In the end, Spielberg comes across the best of the trio. His Hollywood dreams come true, and he seemed able to resist the excess and ego that his contemporaries struggled with even though he had to overcome his own self-doubt. Coppola’s greed, ambition, and infidelity was, at times, off putting. It was relieving to see him come around at the end of the story and find a way to keep American Zoetrope alive and build the business around family instead of unbridled ambition. Lucas is portrayed as equally ambitious but also unsure of himself. He was enormously successful but struggled with being in Coppola’s footsteps.

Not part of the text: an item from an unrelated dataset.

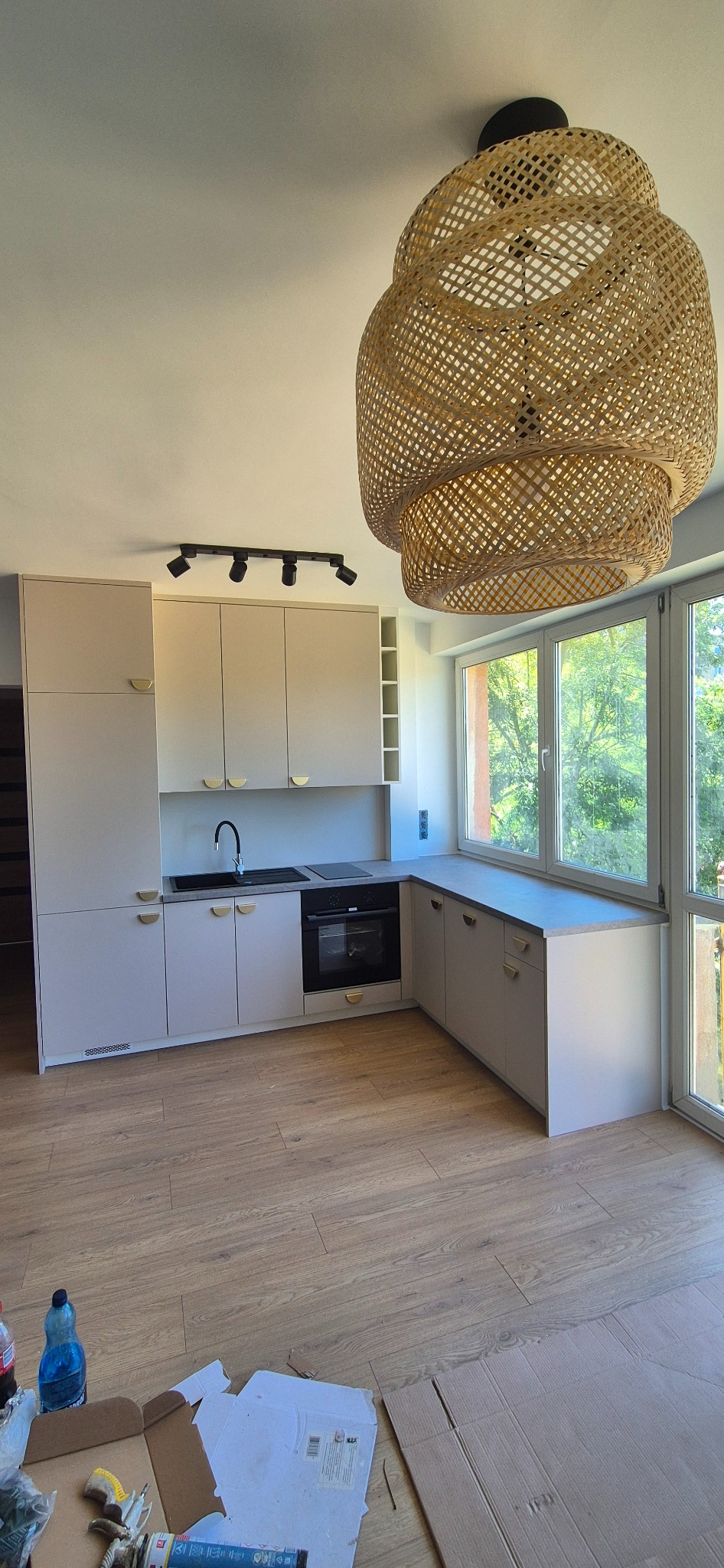 Jasna kuchnia z beżowymi frontami, złotymi uchwytami i dużym oknem. W tle widoczny ażurowy, okrągły abażur. Na podłodze kartony i butelka.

I enjoyed every page of Fischer’s book and could easily read hundreds more. It is a trip through a great era of Hollywood told from the perspective of three of the greatest directors of all time and also a cautionary tale, like most success stories are. The only critique I have is also one of the things I loved most and that is the plethora of secondary characters. When there are so many characters it is often hard to keep them all straight and it is also a struggle to give them the space they need. The prime example of this is Marty Scorsese. We leave Marty at a pivotal point in his life and Fischer does not go back to him. I hope that a book on Scorsese and DeNiro is next up by Paul Fischer because I will read every word he writes.